═══ Information given ═══
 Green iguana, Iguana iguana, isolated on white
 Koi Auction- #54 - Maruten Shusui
═══
═══ Information given ═══
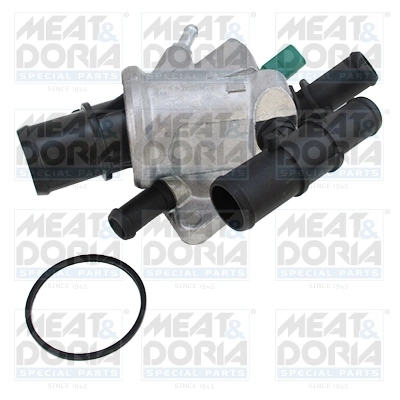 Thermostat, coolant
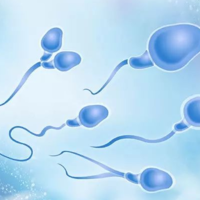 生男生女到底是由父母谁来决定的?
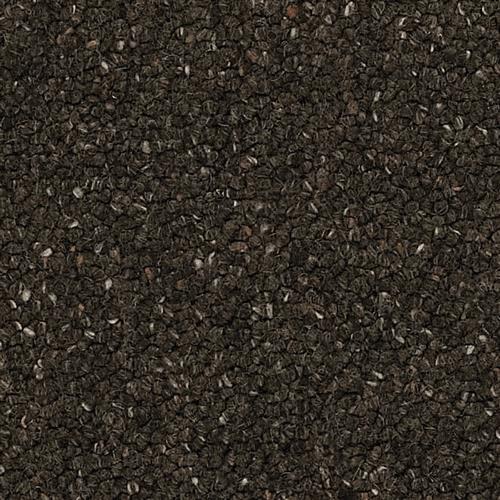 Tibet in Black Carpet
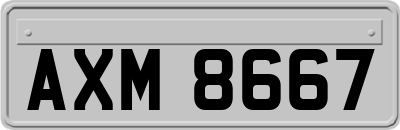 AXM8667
═══
═══ Information given ═══
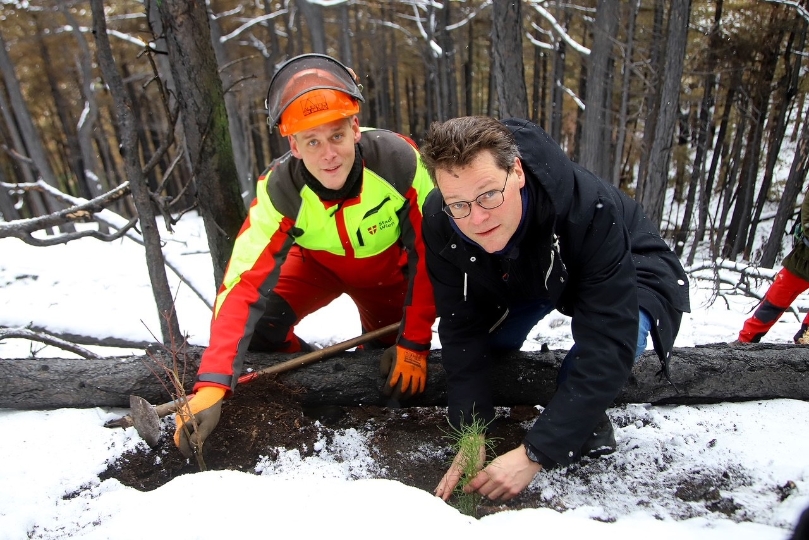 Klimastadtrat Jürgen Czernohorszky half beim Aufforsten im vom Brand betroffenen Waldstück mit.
═══
# What you need to do
Among the entries above, the line containing "Green iguana, Iguana", the line containing "Koi Auction- #54 - Maruten Shusui", and all lines between them are to be restated word for word; nothing else belongs in the reply.

# Written answer
 Green iguana, Iguana iguana, isolated on white
 Koi Auction- #54 - Maruten Shusui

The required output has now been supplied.